Supplied material section start

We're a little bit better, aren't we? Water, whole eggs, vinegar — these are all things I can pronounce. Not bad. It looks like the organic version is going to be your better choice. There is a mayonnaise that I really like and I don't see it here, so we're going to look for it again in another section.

Supplied material section end
Supplied material section start

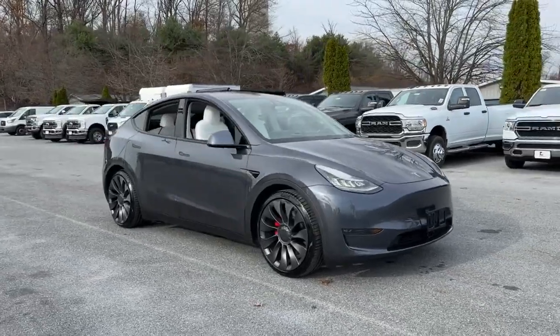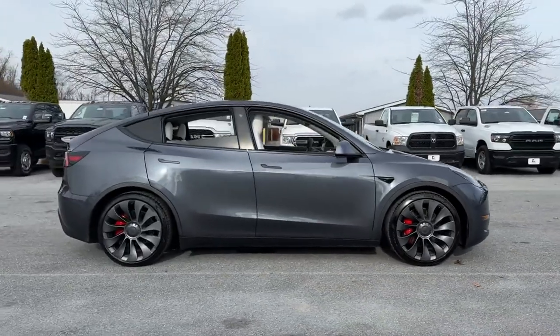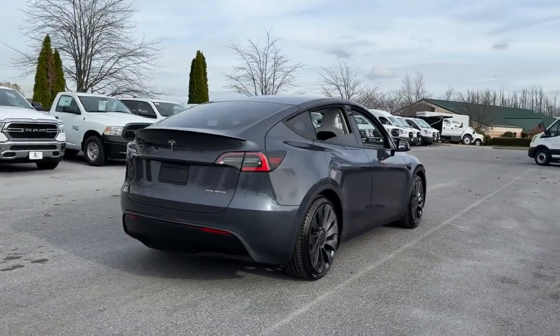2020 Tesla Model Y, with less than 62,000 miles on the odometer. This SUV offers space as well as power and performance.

Supplied material section end
Supplied material section start

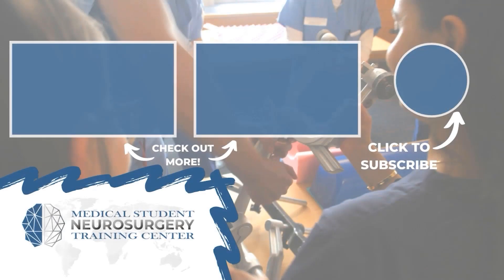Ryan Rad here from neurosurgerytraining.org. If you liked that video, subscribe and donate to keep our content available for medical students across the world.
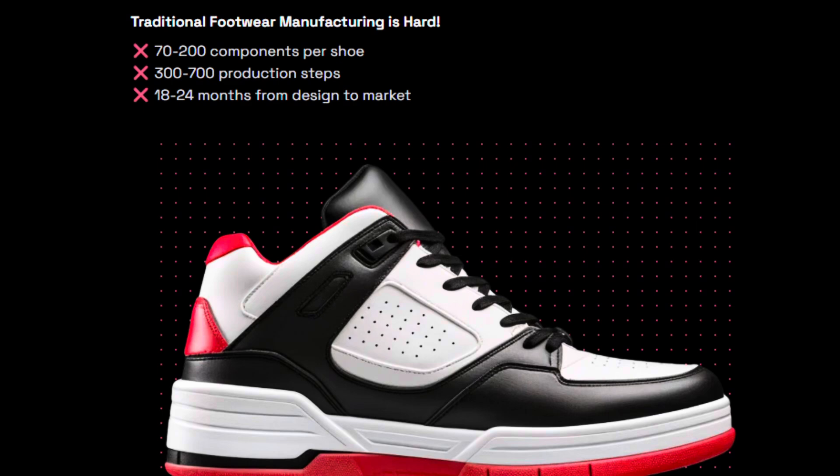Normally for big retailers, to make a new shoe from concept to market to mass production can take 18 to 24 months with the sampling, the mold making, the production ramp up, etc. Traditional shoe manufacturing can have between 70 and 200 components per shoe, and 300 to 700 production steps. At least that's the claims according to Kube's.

Supplied material section end

*What needs to be done:* Line for line, output the entries above from the line with "Ryan Rad here" to the line with "Normally for big", both included, and nothing more. Skip pictures.

*Solved exercise:*
Ryan Rad here from neurosurgerytraining.org. If you liked that video, subscribe and donate to keep our content available for medical students across the world.
Normally for big retailers, to make a new shoe from concept to market to mass production can take 18 to 24 months with the sampling, the mold making, the production ramp up, etc. Traditional shoe manufacturing can have between 70 and 200 components per shoe, and 300 to 700 production steps. At least that's the claims according to Kube's.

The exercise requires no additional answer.